What happened over the following days would reset the trajectory of the primary race: Mr. Biden stabilized; Ms. Warren and Senator Bernie Sanders of Vermont began experiencing a reversal of fortunes; Mayor Pete Buttigieg of South Bend, Ind., drew a bead on Ms. Warren; and Senator Kamala Harris of California looked less and less like a formidable candidate.
That week in mid-October — the run-up to the Oct. 15 Democratic debate and afterward — encapsulated the fluid and uncertain nature of the biggest presidential field ever.
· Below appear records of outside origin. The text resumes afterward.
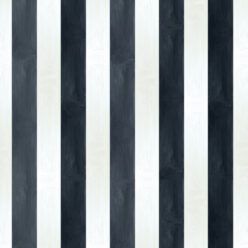 Charcoal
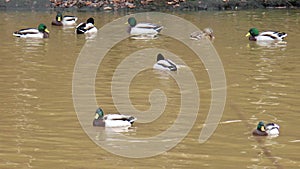 Shelduck - water bird of the family Anatidae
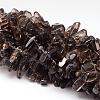 Natural Smoky Quartz Beads Strands G-K115-06-1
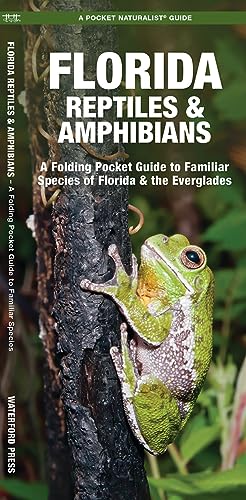 Florida Reptiles & Amphibians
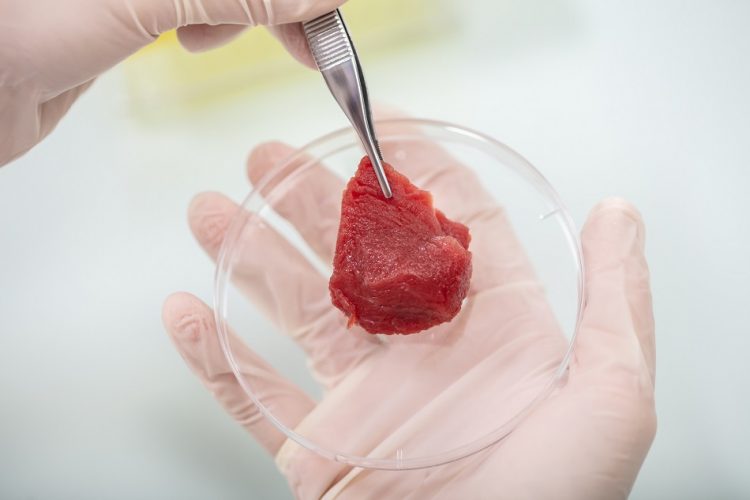 Are consumers warming up to the idea of cell cultured meat?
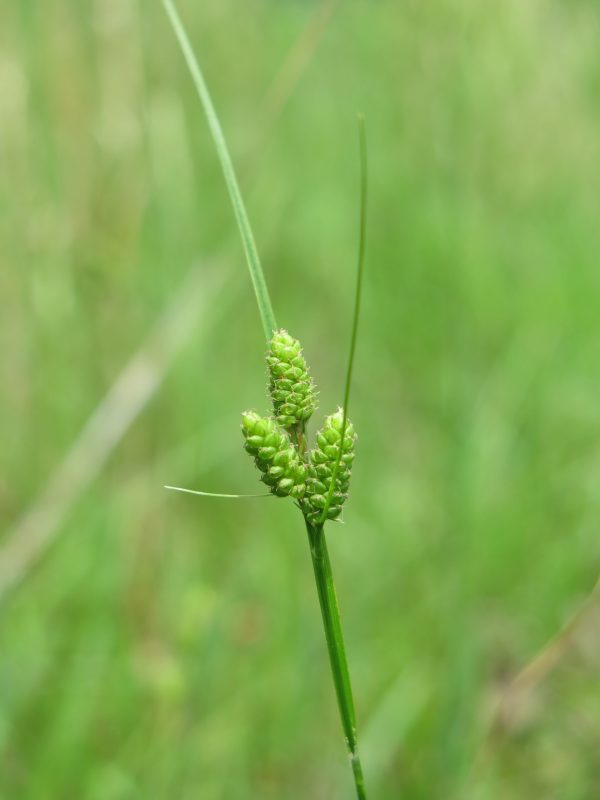 Fuzzy Wuzzy Sedge (Carex hirsutella), grass, Hamilton Native Outpost
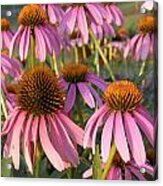 Coneflowers Acrylic Print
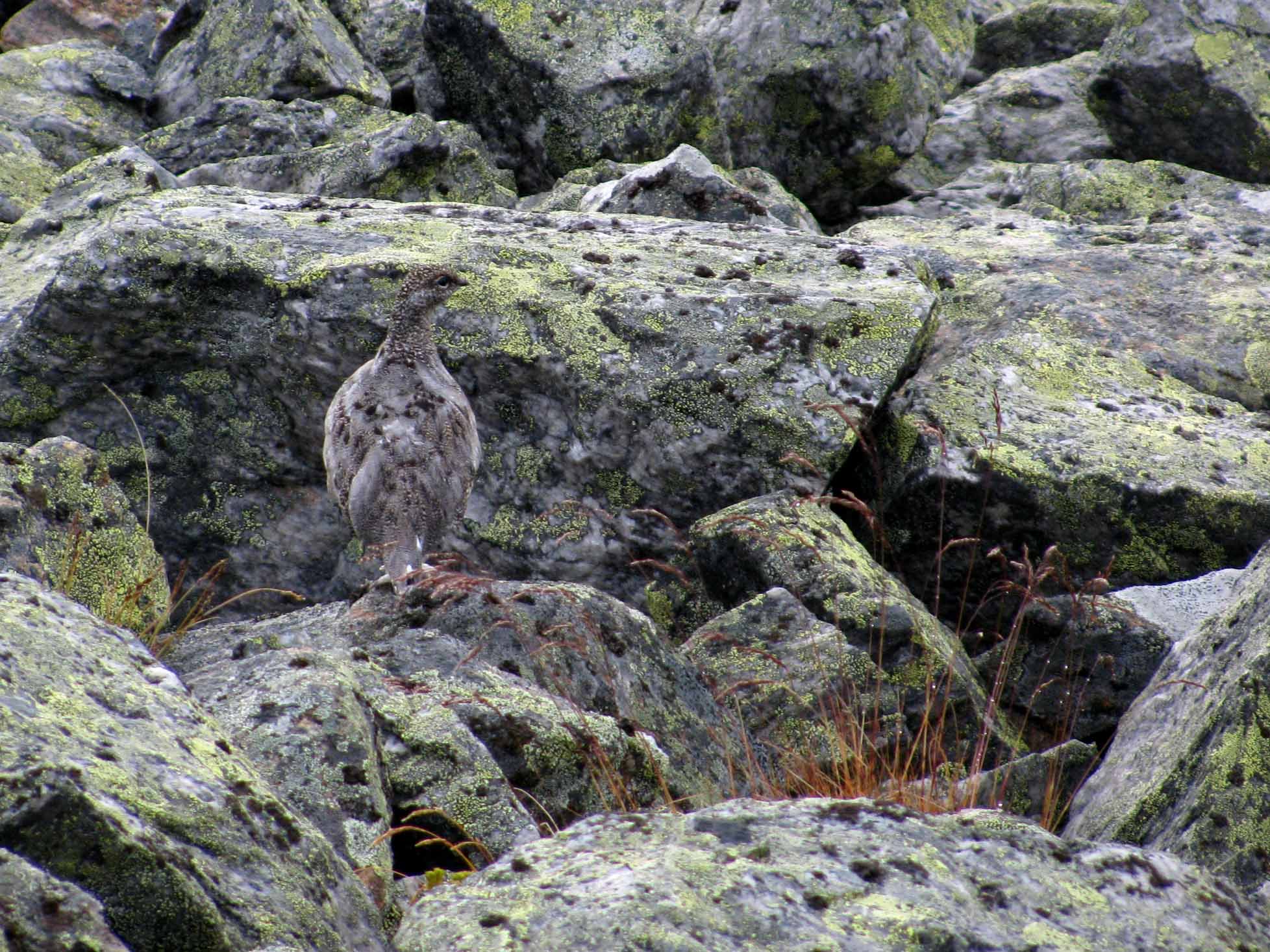 Read more about the article Opplæring og eksamen: Ny app for jegerprøven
And it can function as a cheat sheet for voters trying to understand the state of the race heading into 2020.
“Candidates being under attack, facing scrutiny or going on offense themselves — that week had all that going on and is a good explanation for how we’ve gotten to this point in the primary today,” said Waleed Shahid of Justice Democrats, the progressive group supporting left-wing candidates in Congress and in the primary.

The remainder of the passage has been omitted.